# Utf8 и proftpd, uft8 и zip архивы

## mango123

Продолжаю тему проблем работы в утф.

1. Стоит фтп-сервер ProFTPD.  

Пользователю не видны крокозяблы.

Читал анонс для версии 1.3.1рс2 - есть директива UseUTF8 = on 

Но что это даёт?  

Поискал на эту тему в гугле нашёл патч для профтпд версии 1.3.0

Сделано более правильно. http://www.linuxportal.vrn.ru/proftpd-1.3.0-rus.patch.html

В конфиг добавлены эти строчки.

А так как у большества юзеров винда - то всё помогает

```

CharsetLocal UTF-8

CharsetRemote CP1251

```

Пока остановился на этом варианте.

Но вопрос? зачем тогда преславутый UseUTF8 в последней версии?

2 Теперь про zip - архивы. 

Те файлы, которые были запакованы в винде и имели русские буквы в название - отображаются крокозяблами.

Нашёл выход -  поставил под вайном winrar, но как то не правильно это.

И теперь вообще про архивы: пакую файлы имеющие русские буквы - ситуация другая - из винды видны крокозяблы... 

Кто как решает проблему работы с архивами?

----------

## Galchonok

Гыы ....

 *Quote:*   

> 2 Теперь про zip - архивы.
> 
> Те файлы, которые были запакованы в винде и имели русские буквы в название - отображаются крокозяблами.
> 
> Нашёл выход - поставил под вайном winrar, но как то не правильно это.
> ...

 

я нашел и сделал более эллегантное решение :]]

Ниже прилагаю скриптик :]]

```
#! /usr/bin/perl

use File::MimeInfo;

use Encode;

use locale;

if (!$ARGV[0]) { die; }

$mime_type = mimetype($ARGV[0]);

#

if ($mime_type)

{

 `mkdir /tmp/$$`;

 if ( $mime_type )

 {

  `/usr/kde/3.5/bin/kdialog --passivepopup "Разархивируем файл $ARGV[0]. Пожалуйста подождите" 5 &`;

  if ( $mime_type=~m/rar/ ) { `unrar x -y "$ARGV[0]" /tmp/$$/`; }

  if ( $mime_type=~m/zip/ ) { `unzip -a -d /tmp/$$/ "$ARGV[0]"`; $decode=1; }

  if ($decode)

  {

   @filelist = `find /tmp/$$ -depth`;

   for ($i=0;$i<$#filelist;$i++)

   {

    $fn1 = $filelist[$i];

    chop($fn1);

    $fn2=$fn1;

    Encode::from_to($fn2,"CP1252", "CP850");

    Encode::from_to($fn2,"CP866", "UTF-8");

    `mv '$fn1' '$fn2'`;

   }

  }

  `/usr/kde/3.5/bin/konqueror /tmp/$$/`;

 }

 `rm -rf /tmp/$$/*`;

 `rmdir --ignore-fail-on-non-empty /tmp/$$`;

}

else

{

 `/usr/kde/3.5/bin/kdialog --title "$1"--error "Не возможно открыть файл $ARGV[0]" &`;

}

print "\n\n";

```

для примера, в kde просто говорим открывать zip и rar архивы через этот скипт ..  и все ok :]]]

Есессно скрипт можно упростить и написать на bash`е , я приложил только часть большого механизама который используется :] -> и perl

----------

## mango123

Спасибо.
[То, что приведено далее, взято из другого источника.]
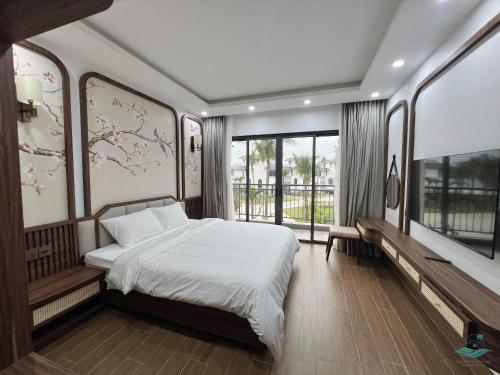 a bedroom with a bed with white sheets and windows at Rosa Villa - Sonasea Vân Đồn in Cái Rồng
Но это костыль. 

Я просто недавно перешел наконец-то под утф. 

И типа всё ставится и работает "из коробки". Да.. всё именно так и есть. Но толку то?

Как ни странно, но в кои8, которую все хают и да, я согласен, это ещё больший костыль для вообще ОС, всё было "пучком". 

А ведь дааааааааааааааааааалеко не всё подходит для нормальной работы в утф8. 

к сожалению или счастью, но от винды никуда не денешься ... или, скажем так, "от кодировки cp1251"   :Smile: 

 по сему приходится находить компромисс...

что же... на самом деле оказывается, что кто живёт на утф - это люди "сами в себе" ...  улитки. 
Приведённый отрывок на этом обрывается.